• _TASK INSTRUCTIONS_
Below is a block of records; reproduce all of them exactly and leave out any pictures.

• _DATASET EXCERPTS_
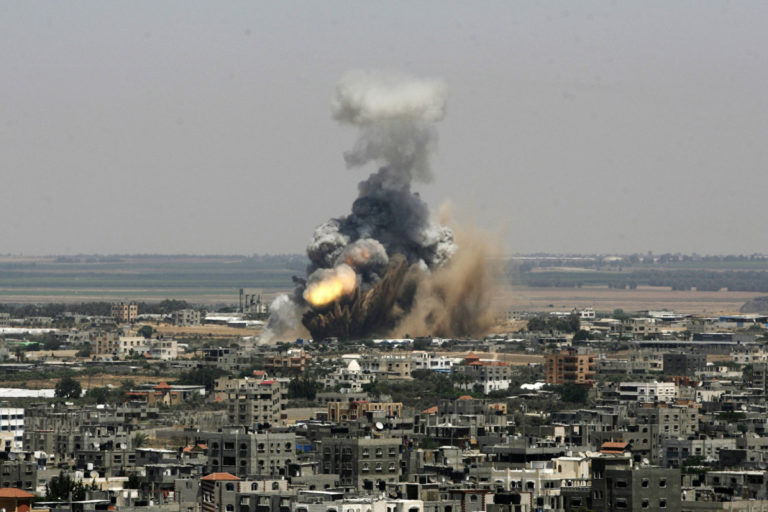 L’aviation israélienne mène un raid sur une cellule de snipers à Khan Younès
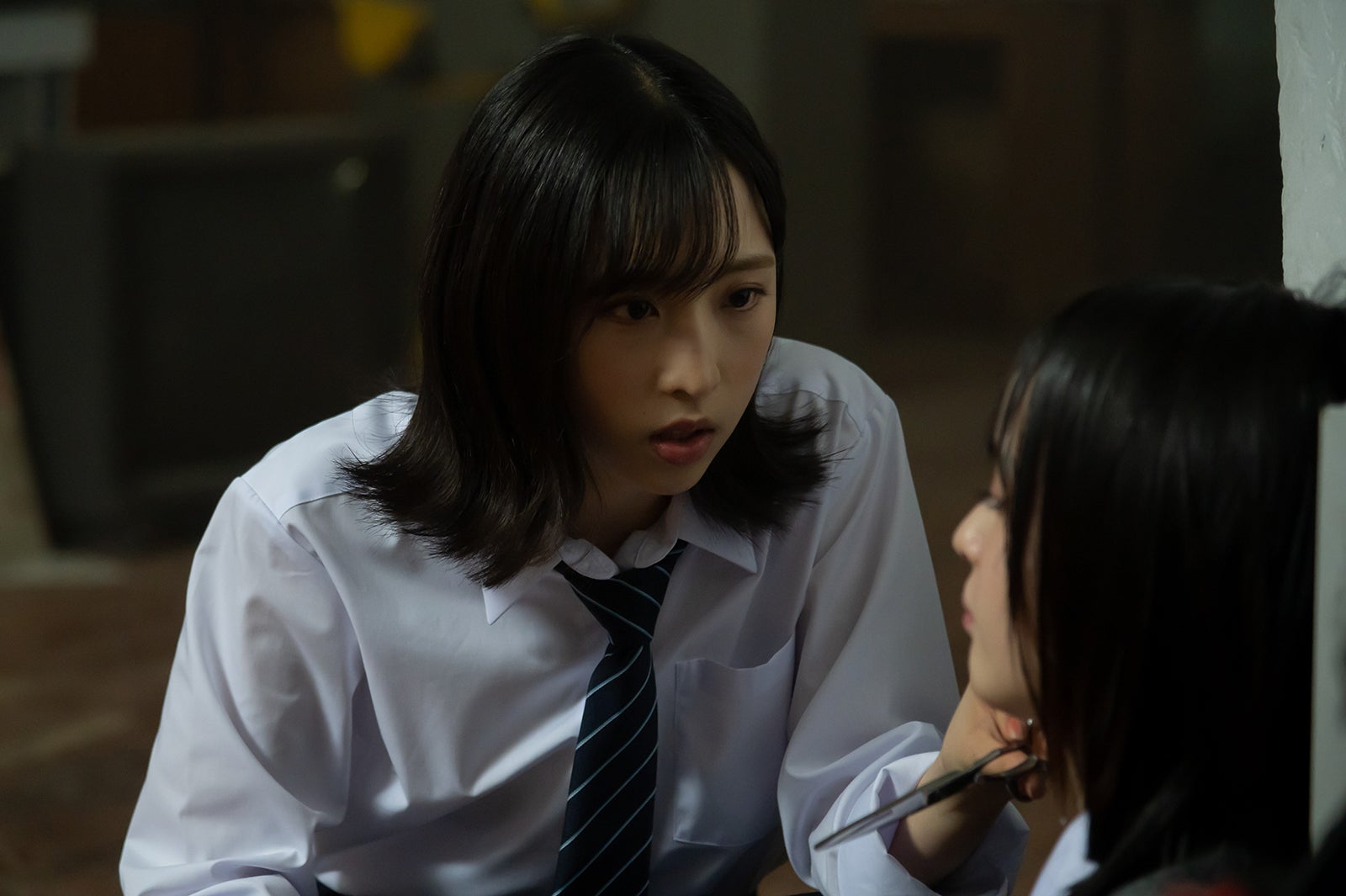 小栗有以（C）「教祖のムスメ」製作委員会・MBS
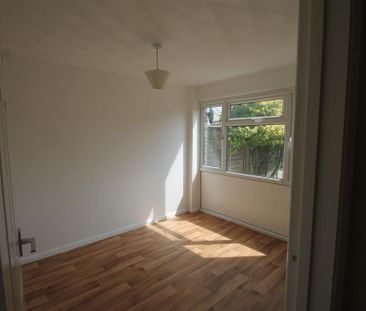 4 bedroom terraced house to rent - Photo 2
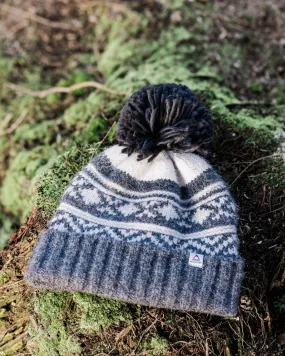 Lodge Recycled Bobble Hat - Black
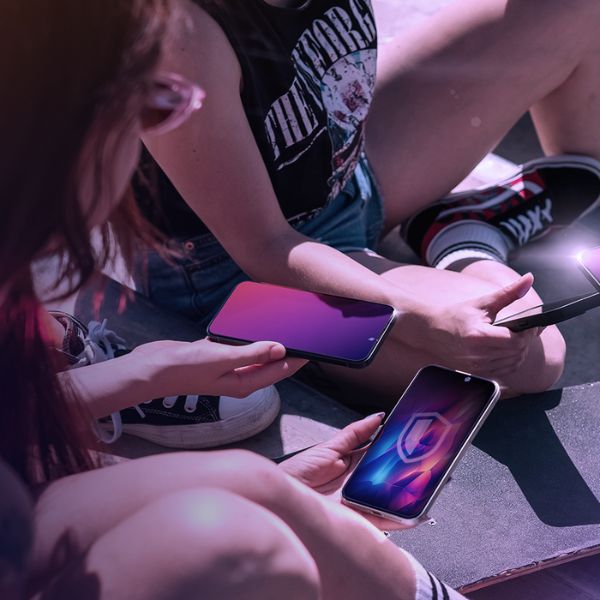 czy-mozna-nakleic-szklo-hartowane-na-folie-ochronna-4_1_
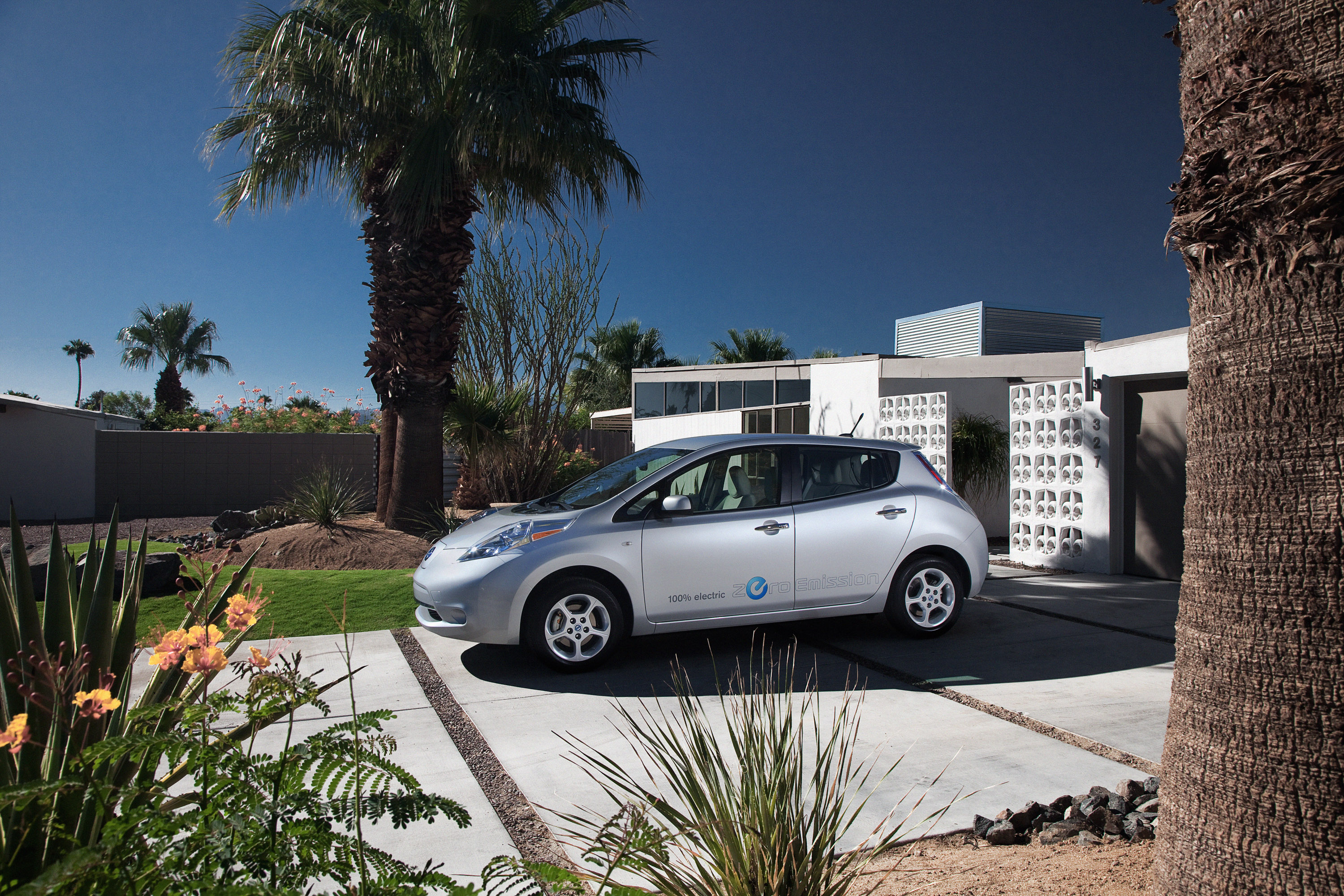 Nissan LEAF photo #20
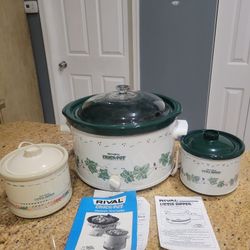 Retro 5 qt. Crock Pot + Tupperware - Tested Working - Little Dippers 1 cup Working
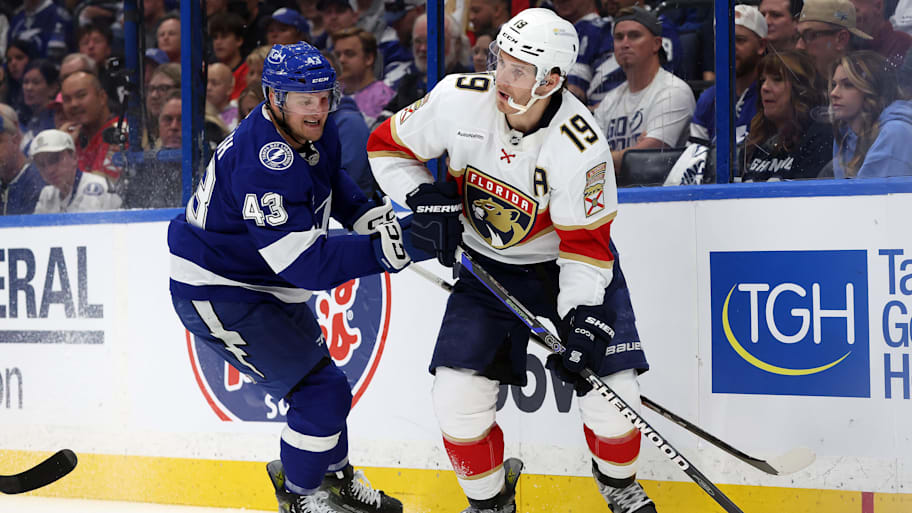 Florida Panthers left wing Matthew Tkachuk skates with the puck against the Toronto Maple Leafs | Kim Klement Neitzel-Imagn Images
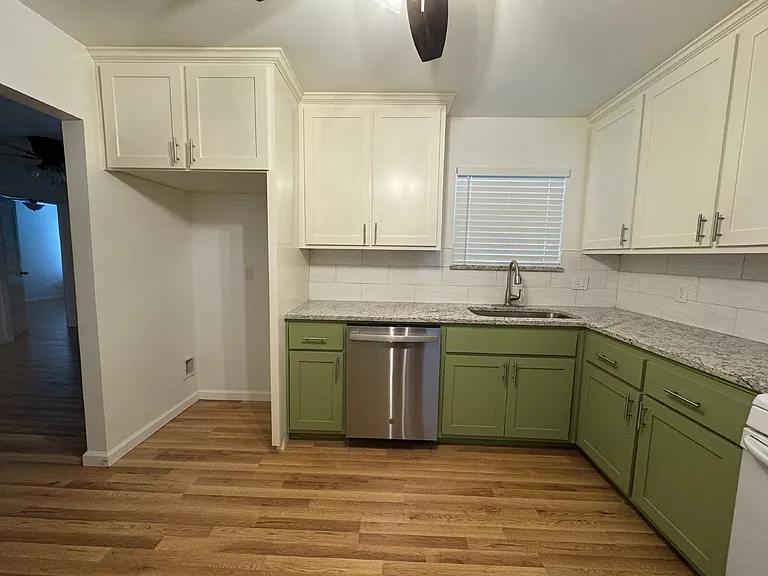 2318 Fenwick Dr — Photo 36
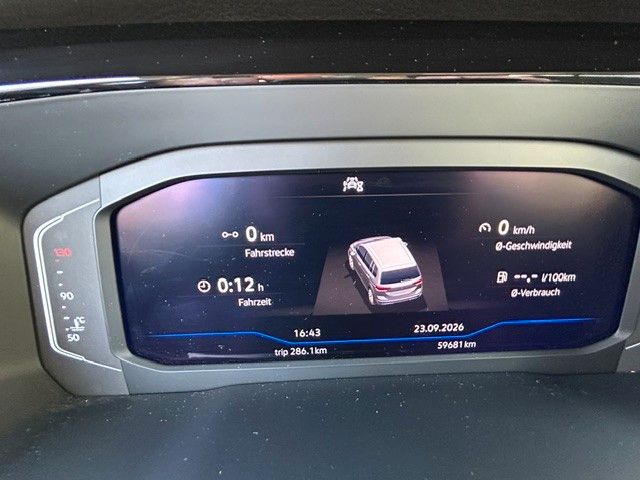 Volkswagen Touran 2022 г. Серый, пробег 59689 км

• _ANSWER TO THIS EXERCISE_
 L’aviation israélienne mène un raid sur une cellule de snipers à Khan Younès
 小栗有以（C）「教祖のムスメ」製作委員会・MBS
 4 bedroom terraced house to rent - Photo 2
 Lodge Recycled Bobble Hat - Black
 czy-mozna-nakleic-szklo-hartowane-na-folie-ochronna-4_1_
 Nissan LEAF photo #20
 Retro 5 qt. Crock Pot + Tupperware - Tested Working - Little Dippers 1 cup Working
 Florida Panthers left wing Matthew Tkachuk skates with the puck against the Toronto Maple Leafs | Kim Klement Neitzel-Imagn Images
 2318 Fenwick Dr — Photo 36
 Volkswagen Touran 2022 г. Серый, пробег 59689 км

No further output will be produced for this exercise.